- [Task input]:
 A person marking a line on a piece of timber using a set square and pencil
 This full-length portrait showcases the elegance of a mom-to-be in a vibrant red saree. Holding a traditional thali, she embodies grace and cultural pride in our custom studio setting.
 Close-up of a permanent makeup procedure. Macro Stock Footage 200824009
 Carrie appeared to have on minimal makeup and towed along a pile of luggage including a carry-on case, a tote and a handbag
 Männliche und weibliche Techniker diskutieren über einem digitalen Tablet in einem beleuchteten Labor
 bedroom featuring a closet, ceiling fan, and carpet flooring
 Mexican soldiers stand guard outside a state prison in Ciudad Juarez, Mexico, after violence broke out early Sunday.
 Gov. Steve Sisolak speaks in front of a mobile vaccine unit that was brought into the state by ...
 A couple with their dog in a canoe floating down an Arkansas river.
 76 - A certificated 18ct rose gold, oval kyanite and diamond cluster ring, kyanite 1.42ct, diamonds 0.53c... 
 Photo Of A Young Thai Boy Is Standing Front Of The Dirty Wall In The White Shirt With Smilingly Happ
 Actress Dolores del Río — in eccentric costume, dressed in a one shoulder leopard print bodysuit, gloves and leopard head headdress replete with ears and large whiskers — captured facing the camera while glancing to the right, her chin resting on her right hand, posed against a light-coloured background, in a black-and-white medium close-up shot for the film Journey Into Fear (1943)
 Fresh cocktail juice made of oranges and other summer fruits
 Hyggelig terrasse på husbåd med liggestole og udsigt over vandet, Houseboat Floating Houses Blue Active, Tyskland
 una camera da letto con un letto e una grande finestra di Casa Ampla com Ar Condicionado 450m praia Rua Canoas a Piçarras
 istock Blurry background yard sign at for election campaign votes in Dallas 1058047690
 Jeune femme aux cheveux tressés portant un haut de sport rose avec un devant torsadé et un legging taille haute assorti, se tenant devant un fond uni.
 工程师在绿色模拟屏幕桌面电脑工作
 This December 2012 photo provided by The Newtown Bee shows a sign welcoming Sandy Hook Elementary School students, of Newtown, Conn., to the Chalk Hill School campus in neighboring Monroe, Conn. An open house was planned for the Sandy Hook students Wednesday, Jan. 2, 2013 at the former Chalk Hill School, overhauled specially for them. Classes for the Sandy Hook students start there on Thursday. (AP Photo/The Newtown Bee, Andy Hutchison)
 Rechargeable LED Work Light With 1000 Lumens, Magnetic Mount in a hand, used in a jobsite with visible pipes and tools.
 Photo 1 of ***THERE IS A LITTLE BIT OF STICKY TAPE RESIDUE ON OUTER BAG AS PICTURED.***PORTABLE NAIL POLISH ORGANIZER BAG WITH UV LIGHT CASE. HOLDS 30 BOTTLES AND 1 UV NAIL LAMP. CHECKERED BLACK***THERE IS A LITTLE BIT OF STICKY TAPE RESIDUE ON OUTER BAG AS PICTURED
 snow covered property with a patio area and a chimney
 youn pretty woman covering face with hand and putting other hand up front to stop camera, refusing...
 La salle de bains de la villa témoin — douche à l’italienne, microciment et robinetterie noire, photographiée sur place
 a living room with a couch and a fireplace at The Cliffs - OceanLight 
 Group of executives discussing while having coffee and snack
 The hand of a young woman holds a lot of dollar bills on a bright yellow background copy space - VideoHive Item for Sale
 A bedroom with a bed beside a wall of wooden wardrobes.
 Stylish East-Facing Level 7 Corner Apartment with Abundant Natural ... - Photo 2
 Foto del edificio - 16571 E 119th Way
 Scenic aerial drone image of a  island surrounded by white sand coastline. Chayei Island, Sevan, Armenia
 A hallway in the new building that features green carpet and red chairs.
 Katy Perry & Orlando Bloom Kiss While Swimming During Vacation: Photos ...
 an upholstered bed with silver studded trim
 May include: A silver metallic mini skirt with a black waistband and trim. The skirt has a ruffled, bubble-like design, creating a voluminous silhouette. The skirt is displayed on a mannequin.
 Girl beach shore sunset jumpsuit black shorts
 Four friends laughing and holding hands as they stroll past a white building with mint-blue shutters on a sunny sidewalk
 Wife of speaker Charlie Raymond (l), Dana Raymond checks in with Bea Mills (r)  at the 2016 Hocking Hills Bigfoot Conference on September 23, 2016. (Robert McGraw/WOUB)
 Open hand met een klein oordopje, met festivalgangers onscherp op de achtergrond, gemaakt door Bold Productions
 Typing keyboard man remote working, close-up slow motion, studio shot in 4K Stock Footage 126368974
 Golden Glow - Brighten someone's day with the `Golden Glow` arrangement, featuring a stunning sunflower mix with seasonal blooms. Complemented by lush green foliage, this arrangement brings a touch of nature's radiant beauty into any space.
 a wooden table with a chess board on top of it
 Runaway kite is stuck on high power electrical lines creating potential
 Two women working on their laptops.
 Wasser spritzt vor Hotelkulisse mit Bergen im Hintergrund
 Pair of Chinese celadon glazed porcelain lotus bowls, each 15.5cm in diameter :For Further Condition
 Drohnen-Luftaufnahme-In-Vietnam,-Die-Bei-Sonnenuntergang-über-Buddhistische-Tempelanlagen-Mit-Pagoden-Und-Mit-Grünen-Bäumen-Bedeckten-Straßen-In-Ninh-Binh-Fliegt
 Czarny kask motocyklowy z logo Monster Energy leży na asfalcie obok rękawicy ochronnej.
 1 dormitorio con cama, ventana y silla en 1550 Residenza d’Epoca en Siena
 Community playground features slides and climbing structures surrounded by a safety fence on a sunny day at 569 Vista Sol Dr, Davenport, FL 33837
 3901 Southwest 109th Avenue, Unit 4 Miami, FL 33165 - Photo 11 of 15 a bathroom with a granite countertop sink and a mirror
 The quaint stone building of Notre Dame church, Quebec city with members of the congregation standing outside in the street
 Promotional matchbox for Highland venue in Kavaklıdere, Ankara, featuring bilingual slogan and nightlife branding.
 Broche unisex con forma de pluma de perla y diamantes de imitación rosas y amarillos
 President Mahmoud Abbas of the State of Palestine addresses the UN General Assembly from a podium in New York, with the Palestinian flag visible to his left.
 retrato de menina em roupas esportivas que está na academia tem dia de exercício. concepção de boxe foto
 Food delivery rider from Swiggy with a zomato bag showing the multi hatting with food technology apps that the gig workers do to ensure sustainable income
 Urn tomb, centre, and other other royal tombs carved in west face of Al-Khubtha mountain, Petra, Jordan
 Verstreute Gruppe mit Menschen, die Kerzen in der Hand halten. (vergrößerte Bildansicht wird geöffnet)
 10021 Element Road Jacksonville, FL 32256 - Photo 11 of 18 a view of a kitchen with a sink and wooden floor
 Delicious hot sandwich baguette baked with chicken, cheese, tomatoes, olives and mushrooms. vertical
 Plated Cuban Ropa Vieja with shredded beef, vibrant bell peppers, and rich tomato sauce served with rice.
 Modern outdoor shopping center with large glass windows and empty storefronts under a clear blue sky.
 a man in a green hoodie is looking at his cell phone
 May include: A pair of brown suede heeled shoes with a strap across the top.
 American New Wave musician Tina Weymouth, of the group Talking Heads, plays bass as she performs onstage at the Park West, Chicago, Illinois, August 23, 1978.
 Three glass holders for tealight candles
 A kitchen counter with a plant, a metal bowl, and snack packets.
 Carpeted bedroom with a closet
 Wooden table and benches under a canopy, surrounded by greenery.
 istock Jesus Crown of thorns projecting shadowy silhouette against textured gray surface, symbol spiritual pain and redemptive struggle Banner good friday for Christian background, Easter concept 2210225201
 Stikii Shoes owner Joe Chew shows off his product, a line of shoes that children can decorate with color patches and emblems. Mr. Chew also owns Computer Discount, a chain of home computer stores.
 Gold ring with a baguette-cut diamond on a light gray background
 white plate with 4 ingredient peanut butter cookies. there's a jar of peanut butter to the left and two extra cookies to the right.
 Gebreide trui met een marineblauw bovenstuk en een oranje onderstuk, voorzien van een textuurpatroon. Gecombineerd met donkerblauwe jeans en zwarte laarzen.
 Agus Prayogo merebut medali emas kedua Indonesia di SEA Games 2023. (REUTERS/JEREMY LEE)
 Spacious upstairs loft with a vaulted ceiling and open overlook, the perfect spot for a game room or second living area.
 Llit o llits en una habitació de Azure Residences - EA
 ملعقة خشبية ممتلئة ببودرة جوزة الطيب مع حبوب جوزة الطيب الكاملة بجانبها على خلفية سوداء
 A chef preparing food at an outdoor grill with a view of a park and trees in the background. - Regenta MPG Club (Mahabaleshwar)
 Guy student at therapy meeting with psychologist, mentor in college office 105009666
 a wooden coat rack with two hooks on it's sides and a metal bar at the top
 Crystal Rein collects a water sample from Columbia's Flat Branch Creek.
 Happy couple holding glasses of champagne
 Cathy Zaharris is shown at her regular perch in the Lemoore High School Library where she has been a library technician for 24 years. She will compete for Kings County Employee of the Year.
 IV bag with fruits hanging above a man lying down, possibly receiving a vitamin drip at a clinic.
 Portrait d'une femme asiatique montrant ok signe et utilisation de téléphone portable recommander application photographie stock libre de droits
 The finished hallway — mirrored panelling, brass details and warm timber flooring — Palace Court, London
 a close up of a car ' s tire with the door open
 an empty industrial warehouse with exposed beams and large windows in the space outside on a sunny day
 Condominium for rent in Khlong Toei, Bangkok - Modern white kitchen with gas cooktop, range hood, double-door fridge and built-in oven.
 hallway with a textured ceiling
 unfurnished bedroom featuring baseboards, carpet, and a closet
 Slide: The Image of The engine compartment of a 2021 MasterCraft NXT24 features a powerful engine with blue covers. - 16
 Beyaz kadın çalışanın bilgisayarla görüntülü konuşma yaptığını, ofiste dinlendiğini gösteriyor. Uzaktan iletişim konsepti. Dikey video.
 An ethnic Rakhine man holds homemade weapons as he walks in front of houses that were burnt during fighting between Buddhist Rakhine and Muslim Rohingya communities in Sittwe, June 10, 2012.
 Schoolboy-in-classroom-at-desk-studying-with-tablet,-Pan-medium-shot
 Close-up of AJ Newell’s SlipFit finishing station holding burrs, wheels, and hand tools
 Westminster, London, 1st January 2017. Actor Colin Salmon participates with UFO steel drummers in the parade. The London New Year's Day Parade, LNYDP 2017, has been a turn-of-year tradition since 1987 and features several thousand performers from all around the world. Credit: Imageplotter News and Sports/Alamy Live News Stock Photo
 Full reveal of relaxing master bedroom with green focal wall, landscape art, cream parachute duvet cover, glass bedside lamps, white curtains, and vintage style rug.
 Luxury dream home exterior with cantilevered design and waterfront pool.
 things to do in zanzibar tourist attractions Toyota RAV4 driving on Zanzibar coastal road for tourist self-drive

- [Work to complete]: Filter the lines above so that only those with the string "silver" remain, then copy them.

- [Result for this exercise]:
 an upholstered bed with silver studded trim
 May include: A silver metallic mini skirt with a black waistband and trim. The skirt has a ruffled, bubble-like design, creating a voluminous silhouette. The skirt is displayed on a mannequin.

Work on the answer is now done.